On Wednesday, Indiana State Board of Education members urged lawmakers to get over their concerns about higher testing costs, arguing the higher costs proposed for an overhaul of state tests were reasonable and affordable.

But Sen. Luke Kenley, R-Noblesville, and Rep. Tim Brown, R-Crawfordsville, the powerful chairmen of the budget-making committees in the Senate and House, didn’t sound like they were coming around when they appeared together at today’s House Education Committee meeting to push Senate Bill 566.

The bill would scrap ISTEP in favor of paying a testing company for the right to use an exam that students take in other states.

Kenely said the bill was a response to state Superintendent Glenda Ritz’s earlier proposed budget for state tests. Ritz said Indiana would have to spend significantly more to include new test features and adapt ISTEP to measure the higher expectations of new Indiana standards put in place last year.

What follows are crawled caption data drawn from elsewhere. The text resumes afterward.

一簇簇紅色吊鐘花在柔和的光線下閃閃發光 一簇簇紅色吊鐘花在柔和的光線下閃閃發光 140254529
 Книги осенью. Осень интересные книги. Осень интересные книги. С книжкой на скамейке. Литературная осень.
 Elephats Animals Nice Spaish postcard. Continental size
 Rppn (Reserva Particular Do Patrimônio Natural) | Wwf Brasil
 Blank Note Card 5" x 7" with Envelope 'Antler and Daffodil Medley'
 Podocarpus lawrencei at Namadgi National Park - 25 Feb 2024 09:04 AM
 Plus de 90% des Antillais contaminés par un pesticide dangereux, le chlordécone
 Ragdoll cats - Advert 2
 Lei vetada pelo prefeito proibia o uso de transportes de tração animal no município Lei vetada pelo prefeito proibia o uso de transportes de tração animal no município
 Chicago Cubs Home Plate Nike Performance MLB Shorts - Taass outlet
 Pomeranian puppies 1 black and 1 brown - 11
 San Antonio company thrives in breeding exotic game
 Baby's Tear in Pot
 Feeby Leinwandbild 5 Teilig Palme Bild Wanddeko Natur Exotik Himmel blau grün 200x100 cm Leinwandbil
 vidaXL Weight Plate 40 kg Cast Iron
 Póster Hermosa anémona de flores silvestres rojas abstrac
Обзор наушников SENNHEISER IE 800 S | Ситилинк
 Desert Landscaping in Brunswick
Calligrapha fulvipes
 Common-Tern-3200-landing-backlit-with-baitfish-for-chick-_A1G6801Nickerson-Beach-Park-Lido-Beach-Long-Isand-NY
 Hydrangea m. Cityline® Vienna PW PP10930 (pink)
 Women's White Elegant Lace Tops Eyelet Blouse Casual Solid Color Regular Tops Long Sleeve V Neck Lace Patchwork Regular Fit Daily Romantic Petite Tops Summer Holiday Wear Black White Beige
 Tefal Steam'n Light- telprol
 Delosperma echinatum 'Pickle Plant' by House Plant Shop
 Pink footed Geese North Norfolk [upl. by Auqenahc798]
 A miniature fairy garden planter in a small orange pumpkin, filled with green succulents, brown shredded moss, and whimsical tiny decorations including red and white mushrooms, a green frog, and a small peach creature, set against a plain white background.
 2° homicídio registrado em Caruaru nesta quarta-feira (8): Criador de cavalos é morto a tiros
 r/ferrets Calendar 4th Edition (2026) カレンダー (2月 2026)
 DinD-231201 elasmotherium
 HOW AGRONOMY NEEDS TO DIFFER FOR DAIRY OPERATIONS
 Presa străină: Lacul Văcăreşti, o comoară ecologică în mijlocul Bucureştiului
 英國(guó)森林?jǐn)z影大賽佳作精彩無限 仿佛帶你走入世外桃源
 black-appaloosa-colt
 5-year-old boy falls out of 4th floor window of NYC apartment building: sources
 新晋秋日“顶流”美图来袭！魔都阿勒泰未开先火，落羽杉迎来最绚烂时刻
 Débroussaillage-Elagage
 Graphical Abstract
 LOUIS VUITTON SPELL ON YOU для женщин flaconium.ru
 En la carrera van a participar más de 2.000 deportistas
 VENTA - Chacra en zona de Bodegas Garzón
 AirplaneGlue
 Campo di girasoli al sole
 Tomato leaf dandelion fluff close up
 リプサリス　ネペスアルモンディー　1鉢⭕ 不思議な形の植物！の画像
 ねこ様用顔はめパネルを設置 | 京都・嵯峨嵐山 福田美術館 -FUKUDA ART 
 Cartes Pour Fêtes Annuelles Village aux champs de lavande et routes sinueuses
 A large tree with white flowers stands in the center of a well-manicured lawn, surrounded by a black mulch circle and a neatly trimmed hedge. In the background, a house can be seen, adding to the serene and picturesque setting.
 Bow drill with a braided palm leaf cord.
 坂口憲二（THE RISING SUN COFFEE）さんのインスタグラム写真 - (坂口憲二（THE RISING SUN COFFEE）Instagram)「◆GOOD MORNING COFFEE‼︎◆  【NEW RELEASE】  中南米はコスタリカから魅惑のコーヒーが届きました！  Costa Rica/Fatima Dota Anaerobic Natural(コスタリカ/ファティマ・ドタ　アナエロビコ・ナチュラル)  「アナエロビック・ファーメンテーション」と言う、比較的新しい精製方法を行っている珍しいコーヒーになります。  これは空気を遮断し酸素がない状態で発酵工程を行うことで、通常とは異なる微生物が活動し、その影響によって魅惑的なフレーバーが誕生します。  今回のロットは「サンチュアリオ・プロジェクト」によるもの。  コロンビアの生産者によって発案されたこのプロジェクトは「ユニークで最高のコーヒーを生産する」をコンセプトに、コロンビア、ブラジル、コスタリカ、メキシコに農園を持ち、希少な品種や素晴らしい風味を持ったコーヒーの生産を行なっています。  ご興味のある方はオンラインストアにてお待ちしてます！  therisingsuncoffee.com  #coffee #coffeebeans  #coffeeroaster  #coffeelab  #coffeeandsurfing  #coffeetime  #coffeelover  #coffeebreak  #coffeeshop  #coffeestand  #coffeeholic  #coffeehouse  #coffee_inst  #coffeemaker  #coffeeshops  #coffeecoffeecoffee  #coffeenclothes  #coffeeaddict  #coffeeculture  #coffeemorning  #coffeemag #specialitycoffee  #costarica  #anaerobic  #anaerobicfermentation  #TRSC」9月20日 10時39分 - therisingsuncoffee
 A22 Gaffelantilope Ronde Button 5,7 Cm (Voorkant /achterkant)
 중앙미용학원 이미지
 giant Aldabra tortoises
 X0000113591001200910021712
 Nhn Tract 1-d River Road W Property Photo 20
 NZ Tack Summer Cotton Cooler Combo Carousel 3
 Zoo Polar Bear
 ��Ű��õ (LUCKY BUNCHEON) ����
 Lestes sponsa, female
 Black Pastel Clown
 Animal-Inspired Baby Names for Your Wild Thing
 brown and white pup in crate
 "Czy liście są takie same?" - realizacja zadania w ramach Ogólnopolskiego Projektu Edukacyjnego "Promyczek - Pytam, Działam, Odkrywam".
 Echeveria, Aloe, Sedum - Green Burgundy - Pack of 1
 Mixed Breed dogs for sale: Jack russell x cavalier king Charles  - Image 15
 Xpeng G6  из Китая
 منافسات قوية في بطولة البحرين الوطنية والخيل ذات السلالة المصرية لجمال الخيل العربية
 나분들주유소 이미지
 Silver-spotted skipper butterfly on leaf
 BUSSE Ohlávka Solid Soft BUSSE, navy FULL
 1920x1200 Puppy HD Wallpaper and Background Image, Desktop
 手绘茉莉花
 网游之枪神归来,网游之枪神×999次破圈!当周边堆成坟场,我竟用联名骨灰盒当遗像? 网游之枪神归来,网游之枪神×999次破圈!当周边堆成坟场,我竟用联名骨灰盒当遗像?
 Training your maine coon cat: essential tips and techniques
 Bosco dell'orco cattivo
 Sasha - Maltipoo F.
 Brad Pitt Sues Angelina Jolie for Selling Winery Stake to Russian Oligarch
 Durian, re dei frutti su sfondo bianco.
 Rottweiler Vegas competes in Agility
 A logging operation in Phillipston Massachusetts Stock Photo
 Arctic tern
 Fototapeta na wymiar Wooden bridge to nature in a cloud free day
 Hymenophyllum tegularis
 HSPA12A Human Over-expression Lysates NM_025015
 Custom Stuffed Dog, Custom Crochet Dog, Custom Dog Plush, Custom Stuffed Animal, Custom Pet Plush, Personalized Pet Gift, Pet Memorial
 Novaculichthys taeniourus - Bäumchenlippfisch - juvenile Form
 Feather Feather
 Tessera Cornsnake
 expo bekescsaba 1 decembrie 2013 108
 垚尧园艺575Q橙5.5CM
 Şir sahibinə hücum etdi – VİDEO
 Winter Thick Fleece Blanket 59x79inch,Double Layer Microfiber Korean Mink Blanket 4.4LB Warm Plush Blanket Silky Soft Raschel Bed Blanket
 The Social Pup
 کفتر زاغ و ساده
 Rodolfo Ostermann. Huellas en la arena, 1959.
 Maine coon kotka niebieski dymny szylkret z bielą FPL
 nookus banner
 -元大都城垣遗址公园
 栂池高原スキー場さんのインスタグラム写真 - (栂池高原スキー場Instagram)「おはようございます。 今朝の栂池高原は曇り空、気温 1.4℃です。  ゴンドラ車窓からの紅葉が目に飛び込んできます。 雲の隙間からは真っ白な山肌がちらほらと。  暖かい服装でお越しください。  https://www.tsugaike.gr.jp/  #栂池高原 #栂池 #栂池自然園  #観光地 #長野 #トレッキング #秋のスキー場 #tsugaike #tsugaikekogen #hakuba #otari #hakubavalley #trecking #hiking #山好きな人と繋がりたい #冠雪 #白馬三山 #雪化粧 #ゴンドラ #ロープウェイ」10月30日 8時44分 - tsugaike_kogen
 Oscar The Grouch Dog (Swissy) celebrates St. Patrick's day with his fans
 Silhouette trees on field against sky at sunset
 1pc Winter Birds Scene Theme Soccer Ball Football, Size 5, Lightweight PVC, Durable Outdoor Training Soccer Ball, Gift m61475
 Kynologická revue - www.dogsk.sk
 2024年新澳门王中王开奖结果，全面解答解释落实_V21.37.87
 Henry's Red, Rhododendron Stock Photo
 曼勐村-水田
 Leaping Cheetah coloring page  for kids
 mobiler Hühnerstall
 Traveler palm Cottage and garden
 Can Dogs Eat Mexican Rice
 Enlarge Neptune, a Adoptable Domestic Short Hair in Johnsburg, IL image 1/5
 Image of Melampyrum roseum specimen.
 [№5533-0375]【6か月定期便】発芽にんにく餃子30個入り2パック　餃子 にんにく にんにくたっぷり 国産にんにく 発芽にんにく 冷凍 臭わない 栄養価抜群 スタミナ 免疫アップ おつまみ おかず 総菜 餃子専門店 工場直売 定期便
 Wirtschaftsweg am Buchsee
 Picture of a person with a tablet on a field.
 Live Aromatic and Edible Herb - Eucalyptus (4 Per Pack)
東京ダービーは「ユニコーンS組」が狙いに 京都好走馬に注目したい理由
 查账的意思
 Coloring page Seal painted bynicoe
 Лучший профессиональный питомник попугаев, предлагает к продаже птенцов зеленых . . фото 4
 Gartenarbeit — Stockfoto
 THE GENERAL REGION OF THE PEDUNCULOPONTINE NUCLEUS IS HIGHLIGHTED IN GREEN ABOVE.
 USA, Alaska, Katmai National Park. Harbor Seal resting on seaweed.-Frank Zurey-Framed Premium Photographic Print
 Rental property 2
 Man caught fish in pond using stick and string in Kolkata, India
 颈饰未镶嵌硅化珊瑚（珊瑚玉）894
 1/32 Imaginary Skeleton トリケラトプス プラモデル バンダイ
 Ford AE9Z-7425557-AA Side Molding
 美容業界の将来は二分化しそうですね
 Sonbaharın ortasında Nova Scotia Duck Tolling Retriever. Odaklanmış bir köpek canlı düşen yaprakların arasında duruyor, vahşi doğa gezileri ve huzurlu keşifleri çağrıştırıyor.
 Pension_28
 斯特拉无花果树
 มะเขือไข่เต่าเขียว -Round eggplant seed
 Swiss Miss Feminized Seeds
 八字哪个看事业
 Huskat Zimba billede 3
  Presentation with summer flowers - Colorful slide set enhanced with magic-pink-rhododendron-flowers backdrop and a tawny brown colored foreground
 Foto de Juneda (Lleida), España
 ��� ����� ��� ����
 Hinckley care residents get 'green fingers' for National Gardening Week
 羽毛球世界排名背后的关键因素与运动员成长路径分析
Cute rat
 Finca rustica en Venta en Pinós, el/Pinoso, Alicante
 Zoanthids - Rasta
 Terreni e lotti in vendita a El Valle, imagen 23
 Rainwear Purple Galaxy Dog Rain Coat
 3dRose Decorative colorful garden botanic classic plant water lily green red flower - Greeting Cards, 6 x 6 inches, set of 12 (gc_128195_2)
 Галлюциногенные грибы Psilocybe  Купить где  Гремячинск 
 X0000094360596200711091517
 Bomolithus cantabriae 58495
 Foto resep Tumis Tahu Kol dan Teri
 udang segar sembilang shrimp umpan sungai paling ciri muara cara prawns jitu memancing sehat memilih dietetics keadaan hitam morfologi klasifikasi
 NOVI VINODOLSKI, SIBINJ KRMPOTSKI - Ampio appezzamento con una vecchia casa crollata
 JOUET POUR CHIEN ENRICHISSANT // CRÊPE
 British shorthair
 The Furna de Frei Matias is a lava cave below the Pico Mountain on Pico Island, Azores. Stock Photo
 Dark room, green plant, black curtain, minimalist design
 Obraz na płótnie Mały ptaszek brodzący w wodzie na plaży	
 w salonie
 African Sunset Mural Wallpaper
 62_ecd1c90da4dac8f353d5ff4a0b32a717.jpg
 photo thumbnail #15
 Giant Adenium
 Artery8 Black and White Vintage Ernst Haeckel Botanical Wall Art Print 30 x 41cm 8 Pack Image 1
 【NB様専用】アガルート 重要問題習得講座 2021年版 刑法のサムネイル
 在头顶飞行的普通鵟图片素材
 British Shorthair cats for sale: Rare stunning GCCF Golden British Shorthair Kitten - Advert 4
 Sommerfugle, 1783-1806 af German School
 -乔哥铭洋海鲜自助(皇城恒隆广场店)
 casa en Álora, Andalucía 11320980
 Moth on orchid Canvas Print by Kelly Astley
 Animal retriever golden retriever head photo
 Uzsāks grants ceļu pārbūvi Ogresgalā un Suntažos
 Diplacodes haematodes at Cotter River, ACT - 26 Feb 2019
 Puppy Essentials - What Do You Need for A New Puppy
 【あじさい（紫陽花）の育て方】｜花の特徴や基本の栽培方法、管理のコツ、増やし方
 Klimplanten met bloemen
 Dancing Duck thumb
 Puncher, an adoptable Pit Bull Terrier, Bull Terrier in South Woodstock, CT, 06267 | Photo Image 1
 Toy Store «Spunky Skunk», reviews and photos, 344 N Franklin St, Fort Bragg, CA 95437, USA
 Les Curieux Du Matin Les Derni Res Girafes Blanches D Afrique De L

Ritz’s original proposal presented back in December would have cost the state about $65 million per year, a 45 percent increase over what the state pays now.

“Chairman Brown, myself and others on the committee were really shocked by the cost,” Kenley said.

Ritz has since revised her proposal, cutting the potential cost to about $37 million per year. But during Wednesday’s state board meeting, the latest projection for a different proposal from board member Sarah O’Brien was estimated to cost about $50 million per year, though O’Brien disputed the figure.

But even those cheaper options haven’t diminished the push for a complete rethinking of what Indiana’s tests should be.

“This has been a huge issue,” Kenley said. “We think we’ve put together a common-sense approach.”

The bill wouldn’t completely unhinge the Indiana Department of Education’s plan to hire to British-based Pearson to create a new ISTEP test to fit Indiana’s new academic standards for next year. But it would give Pearson’s version a short lifespan — the bill would direct the department in 2017 to adopt a test used by other states, like the Iowa Test of Basic Skills or a test created by the Northwest Evaluation Association that some Indiana schools already use to prepare kids for ISTEP.

But supporters of keeping ISTEP, or at least sticking with state-led process for writing Indiana’s exams, include several key players. Gov. Mike Pence and House Education Committee Chairman Robert Behning, R-Indianapolis, are among those who have been cautious about the proposals in Senate Bill 566.

Behning quizzed Kenley about whether a test like NWEA was the right kind of exam to be used for A-to-F grades and other accountability measures. Kenley acknowledged today’s NWEA exam would need to be altered, but he said he was assured by the organization that was not difficult or costly to do so.

Another option would be to make small changes to Indiana standards so what the state teaches would better match tests in use in other states.

“It appears testing across the country is evolving into a more synthesized activity,” Kenley said. “They are more like each other than they have been. There’s a good chance you don’t have to rewrite Indiana’s standards.”

Indiana had been on track to use a shared Partnership for Assessment of Readiness for College and Careers, or PARCC, exam, which is connected to Common Core standards. But Pence ordered Indiana out of the consortium creating that test, and Indiana later dropped an effort to use Common Core standards along with 45 other states last year.

But Brown said the state should scale back its ban on PARCC to allow testing companies making Indiana’s future tests to collaborate with the consortium.

“I think we need to at least be open to the idea that they can partner with other vendors,” Brown said.

The Senate passed the bill 46-3 in February, but the House has been slow to embrace the proposal. The education committee is scheduled to discuss it again on Tuesday and possibly vote.